Ecrire.
Ecrire son regard, écrire ses lèvres, écrire son silence et son cul lorsqu’elle s’est tournée, écrire son front contre la porte d’entrée, écrire mon doigt dans sa chatte, écrire son ventre brulant, écrire sa chaleur liquide et son tout premier gémissement. Pourquoi me donne-t-elle envie d’écrire presque autant que de la baiser ? Pourquoi cette pulsion, cette jouissance qui gronde en moi lorsque j’écris ?
Je ne l’oublierai pas, non. J’ai encore en mémoire notre première fois, il y a deux ans, puis le one-shot de l’année dernière. Elle a disparue deux fois, puis est revenue. Pourquoi ? Je n’en sais rien, et puis en quoi ça me concerne puisqu’elle était là cette nuit ? Elle avait ses raisons. Moi, j’ai encore en mémoire, intact, et parmi mille autres détails de ces deux premières fois, le bruit des impacts du martinet. Elle, provocante et dos tourné, me demandait toujours plus, et moi j’y allais comme un sourd, à me déglinguer le bras.

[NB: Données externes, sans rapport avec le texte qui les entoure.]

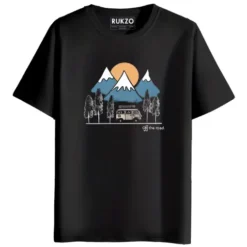 RUKZO Off The Road Graphic Printed Unisex T-Shirt for men and women in black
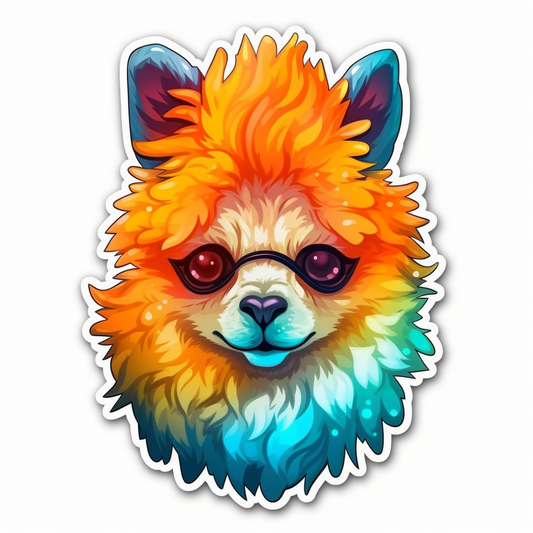 Fluffy alpaca with a soft coat and big eyes Vinyl Decal Sticker for Car, Laptop, Tumbler and more # 0011024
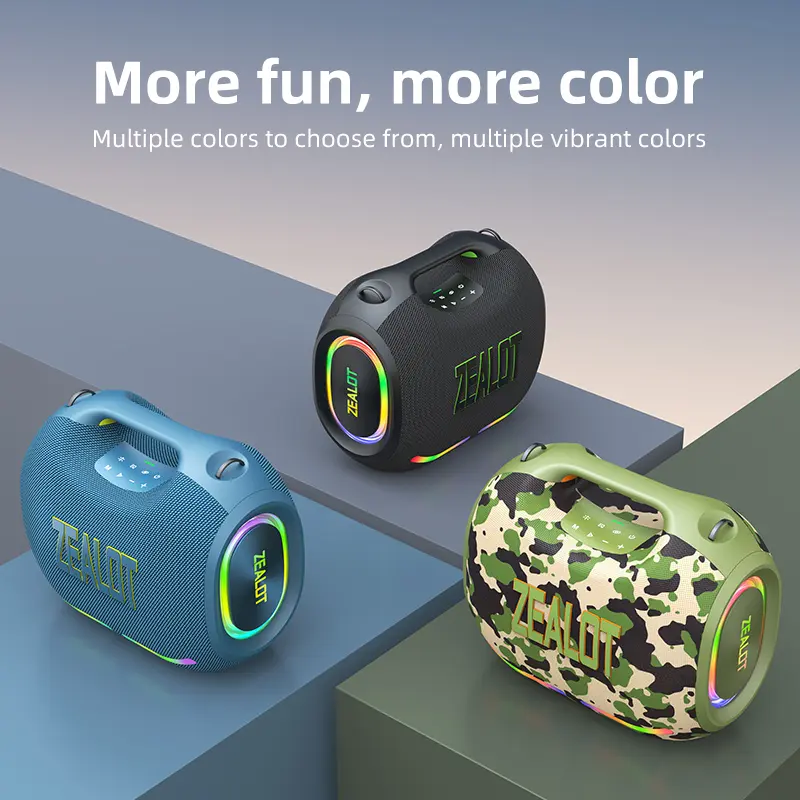 Altavoz inalámbrico portátil con sonido y audio de alta fidelidad; altavoz Bluetooth de sobremesa con sonido envolvente y emparejamiento TWS. Cuenta con una batería de larga duración (4800 mAh) y es compatible con USB, tarjetas TF, entrada AUX, Bluetooth 
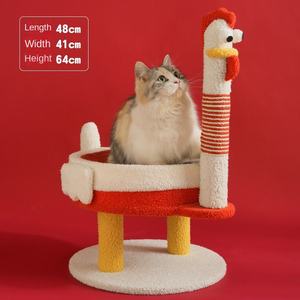 Árbol rascador único para gatos con forma de gallina, poste de sisal duradero, torre para gatitos con cama de terciopelo suave, muebles modernos para mascotas - Product Image 6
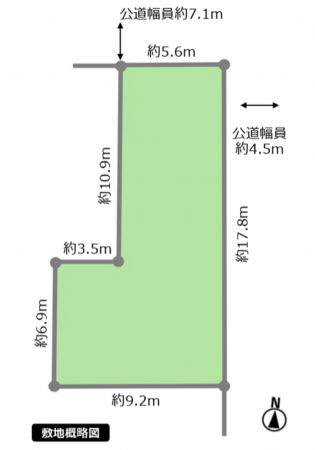 名古屋市瑞穂区萩山町、土地の間取り画像です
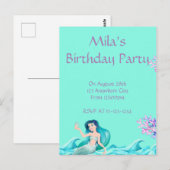 ZEEMEISJES UITNODIGINGEN, VERJAARDAGSUITNODIGINGEN BRIEFKAART (Voorkant / Achterkant)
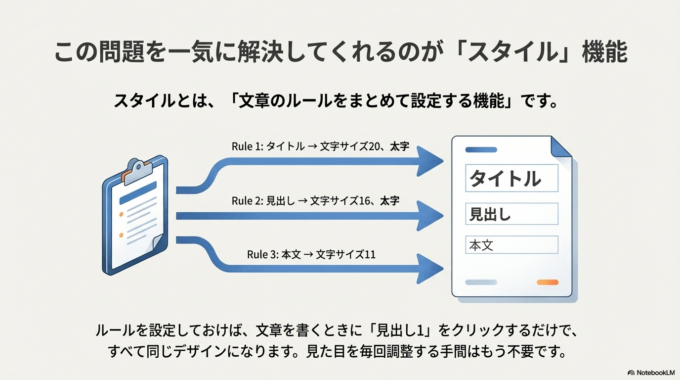この問題を一気に解決してくれるのが、スタイル機能です。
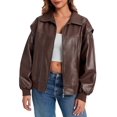 thumbnail image 2 of Womens Oversized Leather Bomber Jackets Cap Sleeve Zip Up Motorcycle Coats with Pockets, 2 of 6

Mais des branlées, des bonnes parties de cul rouge et de baise, j’en ai déjà mis à d’autres. Alors pourquoi elle ? Inexplicable. Et d’ailleurs je ne veux rien savoir. Qu’on me lâche avec les phéromones, l’instinct de reproduction et tout le bazar scientofuck. Le sexe n’est pas que chimie.
Cette fille me fait grimper aux rideaux, c’est le seul fait tangible de cette histoire, le seul truc qui me donne envie de gicler ces mots.

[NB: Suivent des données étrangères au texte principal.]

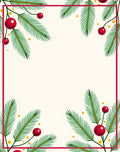 Crimson Berry Pine Needle Border Rug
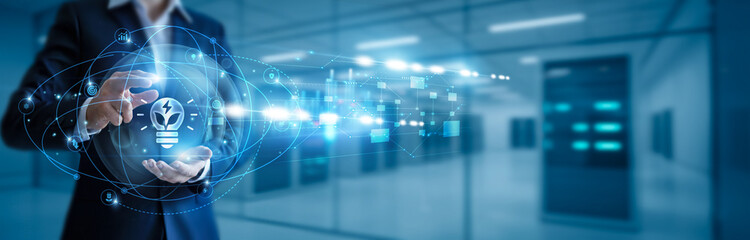 Businessman hand hold energy technology, renewable energy systems, smart grids, sustainable power,...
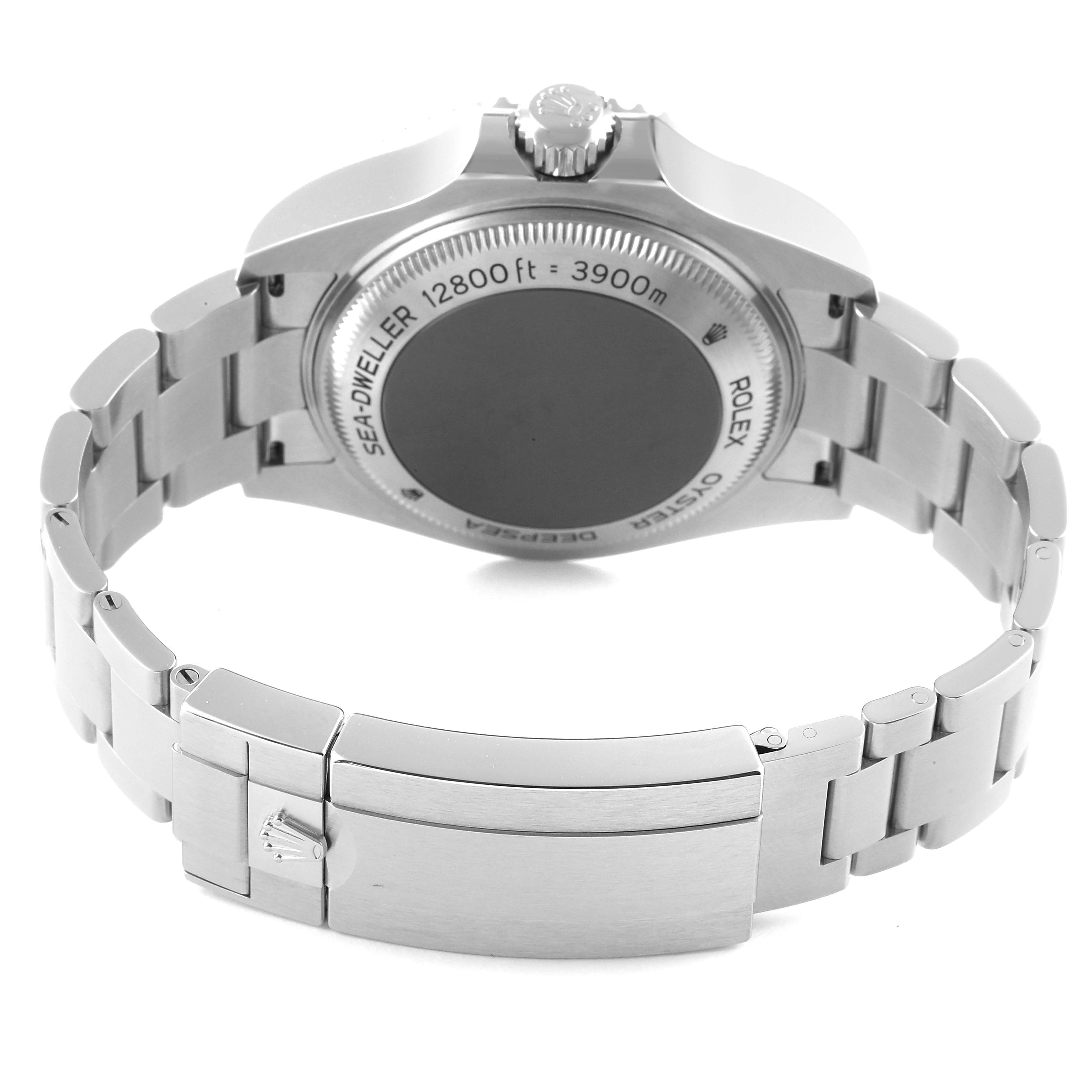 The image shows the back and bracelet of the Rolex Sea-Dweller 126660 Men
s Stainless Steel Blue Dial 126660 Men
s Stainless Steel Blue Dial watch from an angled rear view.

Ecrire son jean baissé à mi-cuisse. Ecrire la ceinture que je serre autour, juste sous sa chatte, écrire son hoquet – je l’avais pourtant avertie que je ne découvrirai que son cul avant de la baiser. Ecrire ses tout petits pas hauts perchés pour l’aller jusqu’au buffet, cuisses entravées. Ecrire ses yeux immenses, son dernier regard avant de se pencher dessus, écrire son envie d’en prendre, écrire ses SMS de la veille qui me reviennent alors « fais moi mal … ça me reprend … trop longtemps sans rien ».
Ecrire au ralenti, écrire chaque détail de son corps qui s’allonge et qui s’offre, écrire ses poignets que j’attache aux pieds du buffet. Et puis, pressé comme je suis, la galère pour glisser un coussin sous elle. J’allais la baiser, j’allais la bourrer même – trop d’envie contenue – et l’arrête du buffet allait sans doute lui faire mal. Je la soulève d’un bras, ses pieds décollent, je passe le coussin, je la repose, vérifie que mon sexe est à bonne hauteur. Je baisse mon fut’, prend une capote et l’empale.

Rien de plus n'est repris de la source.